FORT JACKSON, S.C. -- On Nov. 15, Fort Jackson will celebrate America Recycles Day with an art contest, recycling drive, education displays, music vendors and more.

"We want to make people on Fort Jackson aware of what can be recycled," said Stephanie Gillian, post solid waste manager. "It's to educate them on the importance of recycling, and to educate them on the opportunities here at Fort Jackson."

The contest entries must be made of at least 50 percent recycled materials or waste, and will compete in four different categories, including Best Use of Recycled Materials, People's Choice, Kid's Recycle Winner and the Grand Prize. The grand prize is a $500 gift card.

America Recycles Day is the only nationally recognized day dedicated to promoting and celebrating recycling. Fort Jackson's celebration takes place 10 a.m. to 2 p.m. at the Officers' Club.

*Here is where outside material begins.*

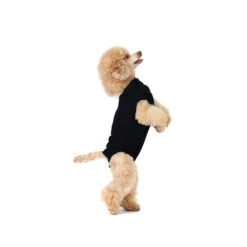 Suitical Recovery Suit Hond - Zwart 24 Suitical Recovery Suit Hond - Zwart -Beste Dierenartikelen Winkel 110af23eff5774a4baf1645241a40fcd6618f258cba0bc51b6276d6a97df4728 3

Activities are scheduled that day in the parking lot and Regimental Room of the Officers' Club.

"In the parking lot, we will be taking clothing donations for the Fort Jackson Thrift Store," said Lisa McKnight, the post's environmental awareness and outreach training coordinator. "And we will be doing a book exchange. The library doesn't need any books, nor do they have any to donate, so it's going to be a 'free-for-all table.'"

Crafters will be selling their work, and organizations such as the Department of Health and Environmental Control and Richland County government will also have tables set up for the event.

Recycling events also have benefits that aren't as immediate.

The U.S. Department of Defense requires Fort Jackson to recycle at least 44 percent of its solid waste, and at least 60 percent of its construction and demolition waste, Gillian said.

"Through these kinds of events, this is how the community can help the installation meet these goals," she said. "They are a part of helping us meet these Armywide regulatory requirements."

The event is also designed to collect scrap metal and ewaste such as computers, television sets and stereo equipment.

"The state of South Carolina has essentially banned electronic waste from landfills," Gillian said. "You can't put a television or computer into a garbage can. They'll either take it out of your garbage and leave it in your driveway, or they just won't pick your trash up. These items cannot go into a landfill."

The options for discarding electronic waste in Richland County are mostly limited to scheduled recycling events for e-waste. Because of these restrictions, some people opt to dispose of the electronic equipment illegally.

"We've got a Conex box full of e-waste that we collected from fire breaks and out at Semmes Pond," McKnight said.

Gillian said that all data on recycled electronic devices will be destroyed by a certified electronics recycler. McKnight said Fort Jackson recycling events provide opportunities for people to safely dispose of sensitive paperwork and computer hard drives.

"We've arranged for a company that picks up electronic items for Richland County to come on post for this one day," she said, "to collect personally owned electronics."